▸ **What you will do**
Answer with a number only: how many lines of the data contain "also"?

(Saved data entries)
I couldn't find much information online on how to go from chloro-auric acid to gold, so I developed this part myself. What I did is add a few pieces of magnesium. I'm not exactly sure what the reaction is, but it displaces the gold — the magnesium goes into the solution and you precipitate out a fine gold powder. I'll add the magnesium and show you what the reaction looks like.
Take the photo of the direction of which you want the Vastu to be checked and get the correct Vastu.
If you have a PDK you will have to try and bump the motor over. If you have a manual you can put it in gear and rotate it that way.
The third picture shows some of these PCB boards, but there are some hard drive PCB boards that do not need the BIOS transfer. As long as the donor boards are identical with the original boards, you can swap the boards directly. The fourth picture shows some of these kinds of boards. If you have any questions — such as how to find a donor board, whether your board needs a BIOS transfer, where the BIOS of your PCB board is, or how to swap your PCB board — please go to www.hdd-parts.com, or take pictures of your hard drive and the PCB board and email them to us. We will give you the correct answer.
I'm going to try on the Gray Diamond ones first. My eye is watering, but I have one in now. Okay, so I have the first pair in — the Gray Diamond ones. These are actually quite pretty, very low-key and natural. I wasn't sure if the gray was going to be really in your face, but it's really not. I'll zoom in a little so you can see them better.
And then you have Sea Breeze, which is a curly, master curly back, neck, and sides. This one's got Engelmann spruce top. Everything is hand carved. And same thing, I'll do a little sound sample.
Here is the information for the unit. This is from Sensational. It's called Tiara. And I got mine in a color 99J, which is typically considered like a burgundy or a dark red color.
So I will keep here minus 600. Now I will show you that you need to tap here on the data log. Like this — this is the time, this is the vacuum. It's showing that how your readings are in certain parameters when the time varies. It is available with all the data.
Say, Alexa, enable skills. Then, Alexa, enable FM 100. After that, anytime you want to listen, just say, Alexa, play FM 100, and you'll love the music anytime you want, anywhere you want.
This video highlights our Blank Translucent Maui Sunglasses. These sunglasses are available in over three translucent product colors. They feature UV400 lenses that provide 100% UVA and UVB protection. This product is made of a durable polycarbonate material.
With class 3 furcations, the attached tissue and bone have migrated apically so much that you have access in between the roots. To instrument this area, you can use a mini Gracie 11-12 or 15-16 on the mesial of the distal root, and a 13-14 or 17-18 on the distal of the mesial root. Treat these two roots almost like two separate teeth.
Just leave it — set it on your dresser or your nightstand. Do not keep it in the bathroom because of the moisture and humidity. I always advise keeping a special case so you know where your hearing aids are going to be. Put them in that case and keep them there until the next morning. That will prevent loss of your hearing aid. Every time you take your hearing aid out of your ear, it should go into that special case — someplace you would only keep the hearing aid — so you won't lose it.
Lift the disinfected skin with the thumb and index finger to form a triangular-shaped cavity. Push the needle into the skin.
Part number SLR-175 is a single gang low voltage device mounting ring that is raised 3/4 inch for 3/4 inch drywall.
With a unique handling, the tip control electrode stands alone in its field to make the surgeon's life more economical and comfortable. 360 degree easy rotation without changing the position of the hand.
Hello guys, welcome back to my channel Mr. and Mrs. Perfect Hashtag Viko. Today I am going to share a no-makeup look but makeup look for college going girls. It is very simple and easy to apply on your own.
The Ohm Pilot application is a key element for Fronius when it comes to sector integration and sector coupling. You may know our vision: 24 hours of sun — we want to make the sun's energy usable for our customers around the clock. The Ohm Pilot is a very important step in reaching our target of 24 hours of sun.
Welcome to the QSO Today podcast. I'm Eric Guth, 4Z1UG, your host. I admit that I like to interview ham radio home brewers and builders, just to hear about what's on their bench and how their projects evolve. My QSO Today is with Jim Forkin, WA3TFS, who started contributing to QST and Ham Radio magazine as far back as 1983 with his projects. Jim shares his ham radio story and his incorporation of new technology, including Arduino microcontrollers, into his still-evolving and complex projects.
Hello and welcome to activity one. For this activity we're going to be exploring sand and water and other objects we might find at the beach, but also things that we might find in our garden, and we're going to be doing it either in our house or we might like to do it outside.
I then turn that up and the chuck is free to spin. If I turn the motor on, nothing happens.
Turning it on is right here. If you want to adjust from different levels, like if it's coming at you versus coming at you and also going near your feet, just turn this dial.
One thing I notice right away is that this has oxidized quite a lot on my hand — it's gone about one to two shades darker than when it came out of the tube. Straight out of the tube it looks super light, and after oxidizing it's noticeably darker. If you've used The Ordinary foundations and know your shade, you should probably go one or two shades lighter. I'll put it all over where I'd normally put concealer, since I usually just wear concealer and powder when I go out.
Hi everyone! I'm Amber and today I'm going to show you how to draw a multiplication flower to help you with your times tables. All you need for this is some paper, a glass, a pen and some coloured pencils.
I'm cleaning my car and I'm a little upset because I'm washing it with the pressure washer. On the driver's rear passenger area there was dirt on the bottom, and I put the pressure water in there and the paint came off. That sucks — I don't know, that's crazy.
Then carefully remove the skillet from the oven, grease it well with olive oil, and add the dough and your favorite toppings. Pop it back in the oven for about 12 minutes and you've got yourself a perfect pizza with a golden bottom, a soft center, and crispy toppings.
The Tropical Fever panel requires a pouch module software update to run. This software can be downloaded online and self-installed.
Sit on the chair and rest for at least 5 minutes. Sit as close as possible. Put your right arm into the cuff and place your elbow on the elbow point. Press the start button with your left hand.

▸ **Written response**
2